The double Irish allows companies to collect profits through one Irish subsidiary that employs people in Ireland, then route those profits to an Irish mailbox subsidiary that is a tax resident of an offshore haven like Bermuda, Grand Cayman or the Isle of Man.
Irish officials explored a ban on Irish companies claiming tax residency in tax havens. Executives at Allergan — which had used a double Irish for at least a decade, records show — tried to derail the rule change. Terilea Wielenga, then Allergan’s head of tax, was also international president of the Tax Executives Institute, a trade group. She argued to the Irish finance ministry in July 2014 that any such changes should occur slowly.
The campaign seemed to work. “For existing companies, there will be provision for a transition period until the end of 2020,” Mr. Noonan declared in October 2014. The gradual phase-in would apply not just to existing companies but to any new ones created by that December.
This gave Apple just enough time. By the end of the year, Jersey had become the new tax home of the Irish companies Apple Sales International and Apple Operations International.
But a third Apple subsidiary, Apple Operations Europe, instead became resident in Ireland.
Apple would not say why. But tax experts offer one possible reason. While press attention focused on Ireland’s crackdown on the double Irish, officials announced a measure that gave Ireland more appeal: The country expanded its tax deductions for companies that move rights to intellectual property — like patents and trademarks — into Ireland. If an Irish company spent $15 billion buying such rights, even from a fellow subsidiary, it could claim a $1 billion tax deduction each year for 15 years.
Apple declined to say whether it has availed itself of the new benefit.

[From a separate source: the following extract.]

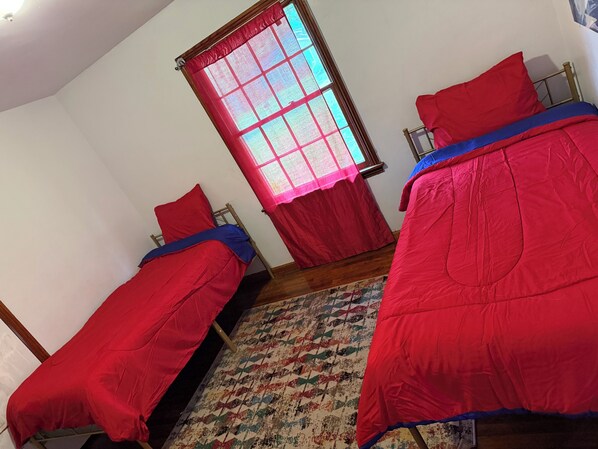 Une chambre avec deux lits simples, chacun étant équipé de draps rouges et d’une couverture bleue. Il y a une fenêtre avec un rideau rouge et un tapis à motifs sur le sol.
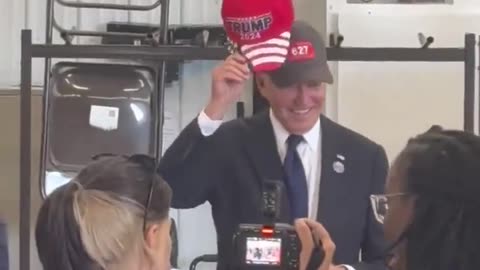 BIDEN PUTS ON TRUMP HAT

But J. Richard Harvey, a Villanova law professor and former I.R.S. official who reviewed the Appleby documents, concluded that there was a strong possibility the company moved intellectual property into Ireland to take advantage of the generous tax rules. Based on disclosures in Apple’s American securities filings, he estimated that the transfer was worth about $200 billion.
That would mean that any income that Apple now generates in Ireland could be partially offset by more than $13 billion in tax deductions each year for 15 years.
Apple’s hunt for a tax haven is a familiar tale, said Reuven Avi-Yonah, director of the international tax program at the University of Michigan Law School, who also reviewed the Appleby documents.
“This is how it usually works: You close one tax shelter, and something else opens up,” he said. “It just goes on endlessly.”
Simon Bowers is a reporter for the International Consortium of Investigative Journalists.